What you should do
Once you find the line with "BaByliss E991E Super-X" in the entries below, print it and each line after it up to and including the line with "PINCHUAN 6/7PCS Black", exactly, without pictures.

Given records
● ● ●

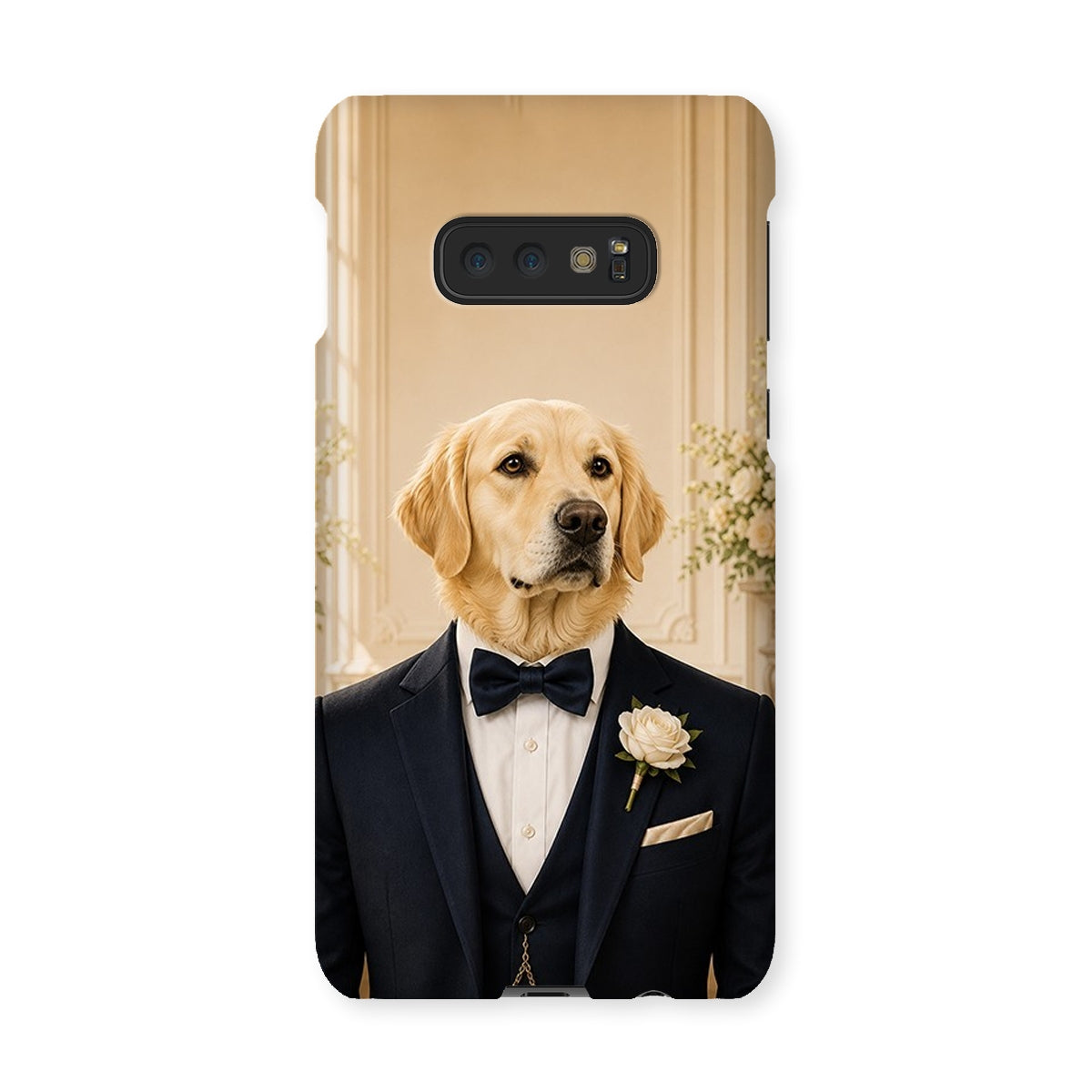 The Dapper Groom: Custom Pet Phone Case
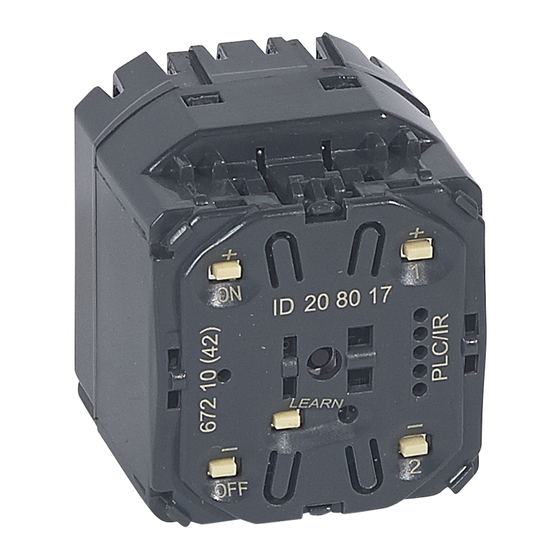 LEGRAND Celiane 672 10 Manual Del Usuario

● ● ●

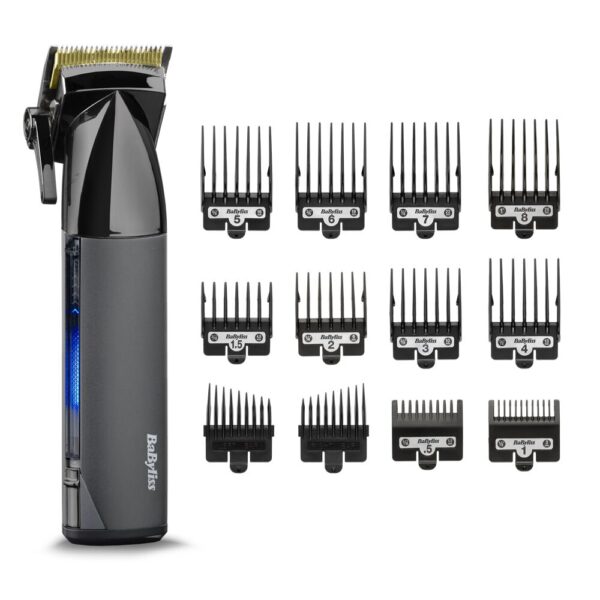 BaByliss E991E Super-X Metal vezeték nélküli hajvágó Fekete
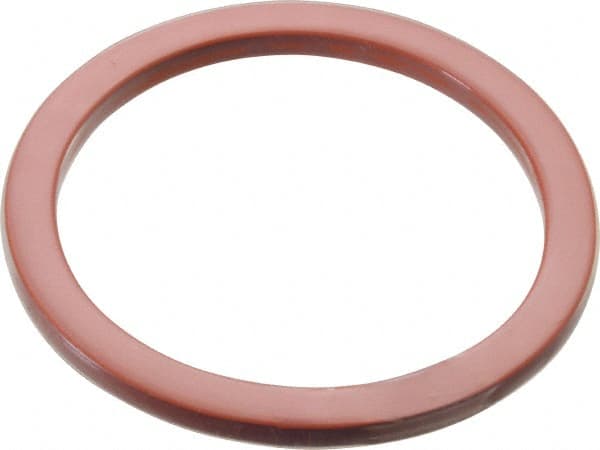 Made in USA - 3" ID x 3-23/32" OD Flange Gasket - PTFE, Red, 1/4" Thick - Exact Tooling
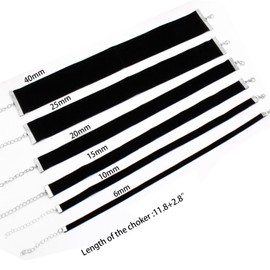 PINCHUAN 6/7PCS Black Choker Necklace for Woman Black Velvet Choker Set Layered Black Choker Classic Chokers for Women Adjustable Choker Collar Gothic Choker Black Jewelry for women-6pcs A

● ● ●

Solution
 BaByliss E991E Super-X Metal vezeték nélküli hajvágó Fekete
 Made in USA - 3" ID x 3-23/32" OD Flange Gasket - PTFE, Red, 1/4" Thick - Exact Tooling
 PINCHUAN 6/7PCS Black Choker Necklace for Woman Black Velvet Choker Set Layered Black Choker Classic Chokers for Women Adjustable Choker Collar Gothic Choker Black Jewelry for women-6pcs A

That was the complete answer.